[Web page caption snippets]
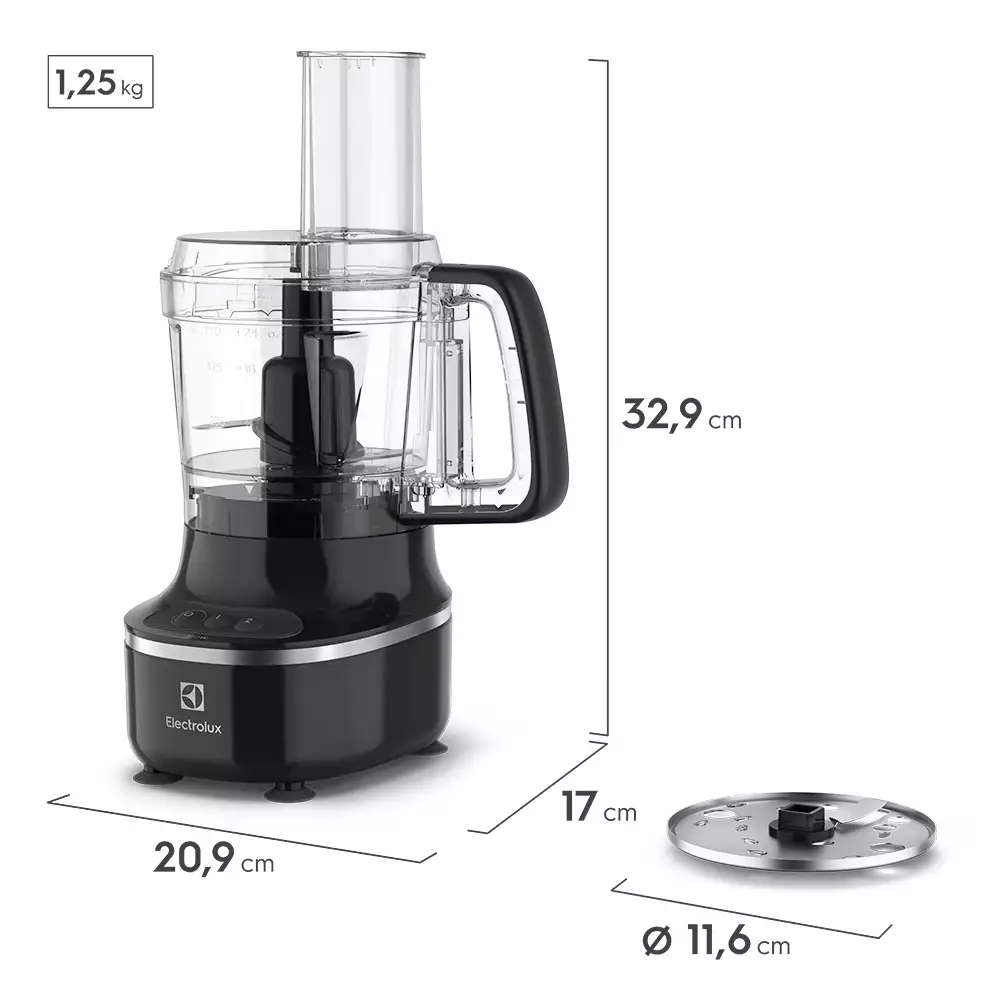 Procesador Alimentos Electrolux Negro 1 Lt 300 W Plastico Ef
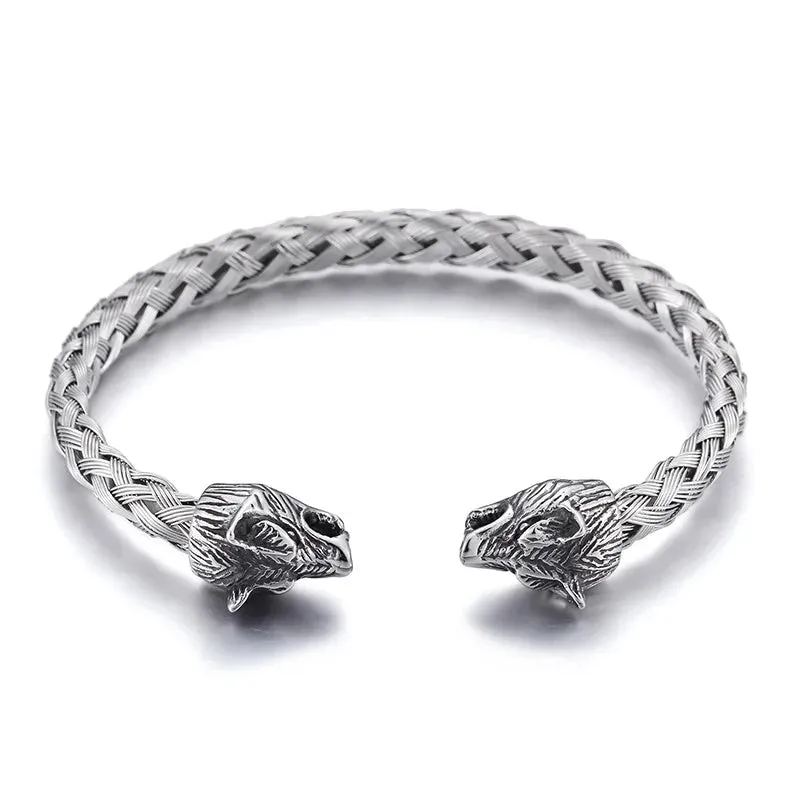 Stainless Steel Skull Titanium Bangle Bracelet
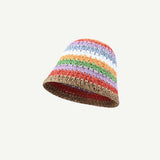 New Colorful Striped Knitted Hat for Women Spring Summer Sunscreen Bucket Hats Girls Sweet Casual Cap Beach Vacation Straw Hat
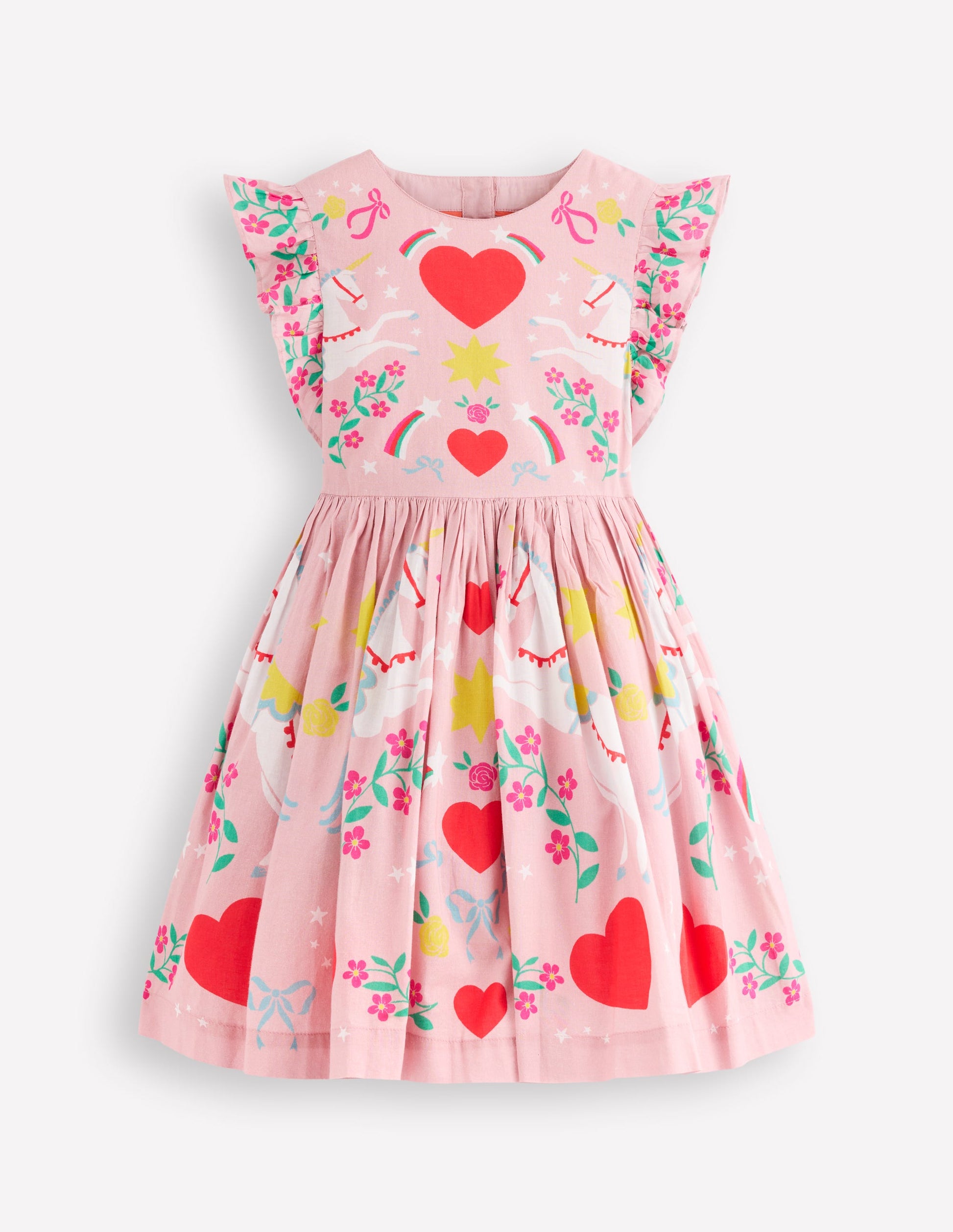 Heart Back Dress-Bubblegum Pink Unicorn-2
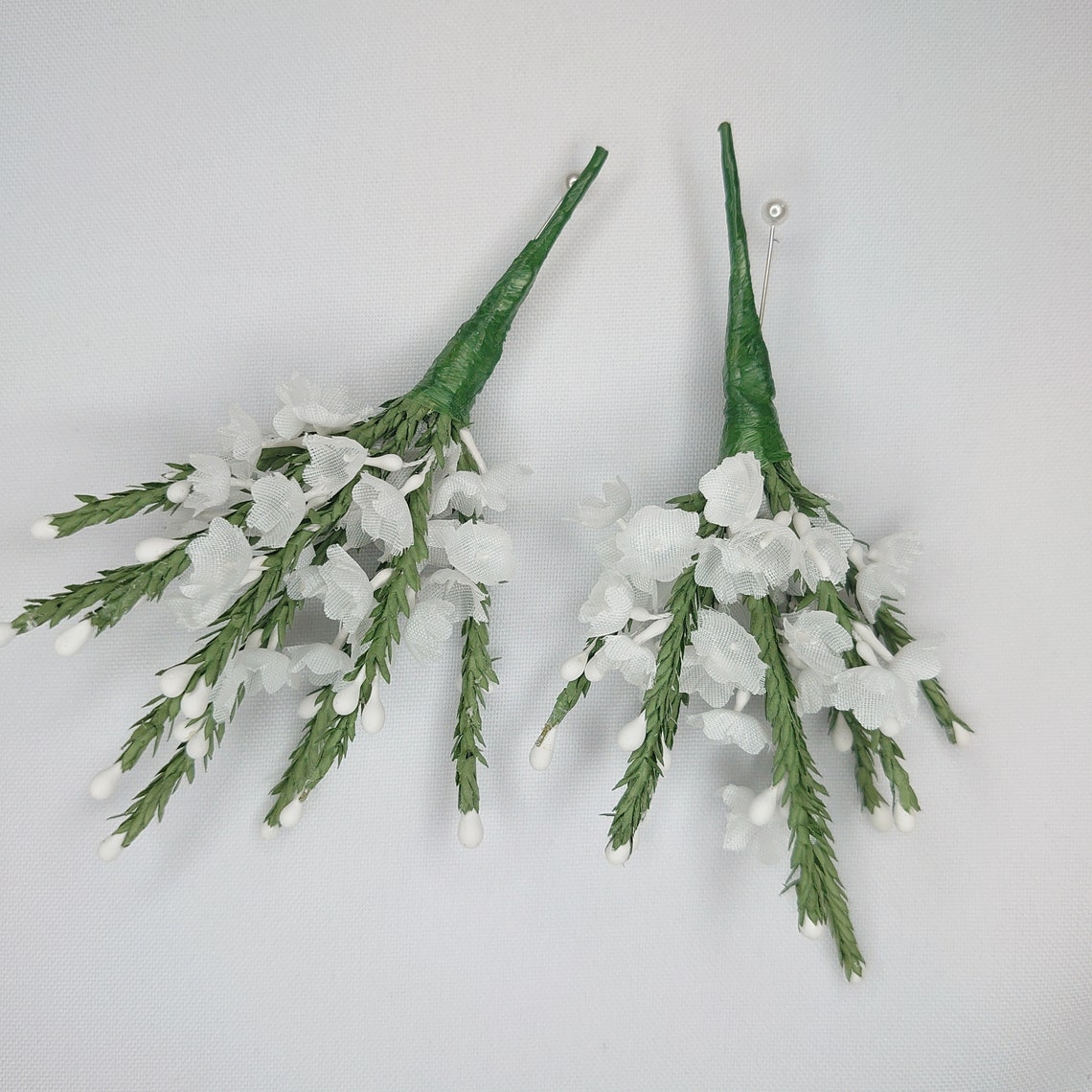 White Heather Buttonhole Artificial Wedding Flowers Heather Etsy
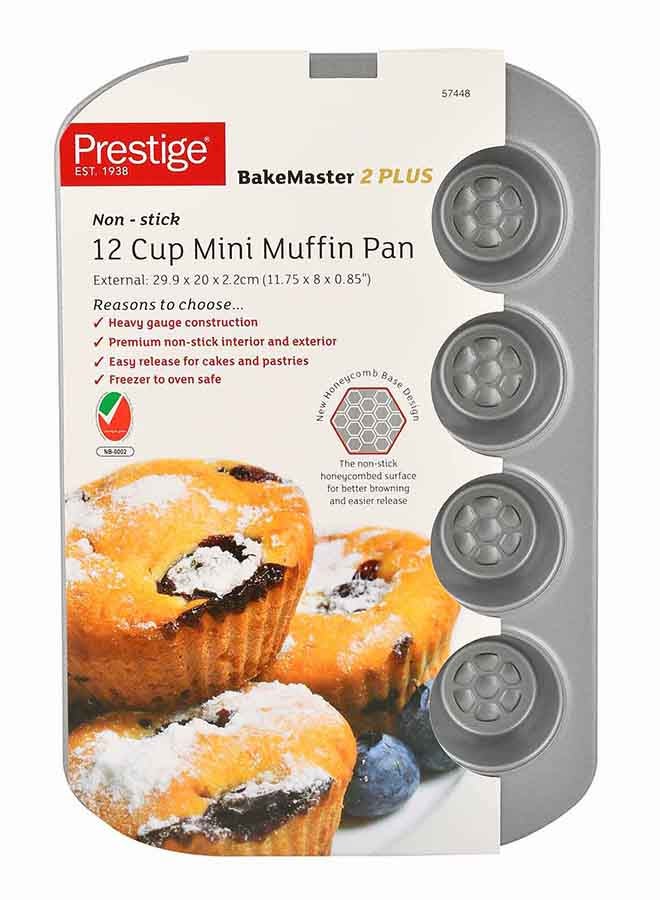 Prestige 12-Cup Mini Muffin Tin Chrome 29.9x20x2.2cm  - Image 2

#### Task prompt
Copy each of the entries above precisely, and drop whatever pictures they hold.

#### Task result
 Procesador Alimentos Electrolux Negro 1 Lt 300 W Plastico Ef
 Stainless Steel Skull Titanium Bangle Bracelet
 New Colorful Striped Knitted Hat for Women Spring Summer Sunscreen Bucket Hats Girls Sweet Casual Cap Beach Vacation Straw Hat
 Heart Back Dress-Bubblegum Pink Unicorn-2
 White Heather Buttonhole Artificial Wedding Flowers Heather Etsy
 Prestige 12-Cup Mini Muffin Tin Chrome 29.9x20x2.2cm  - Image 2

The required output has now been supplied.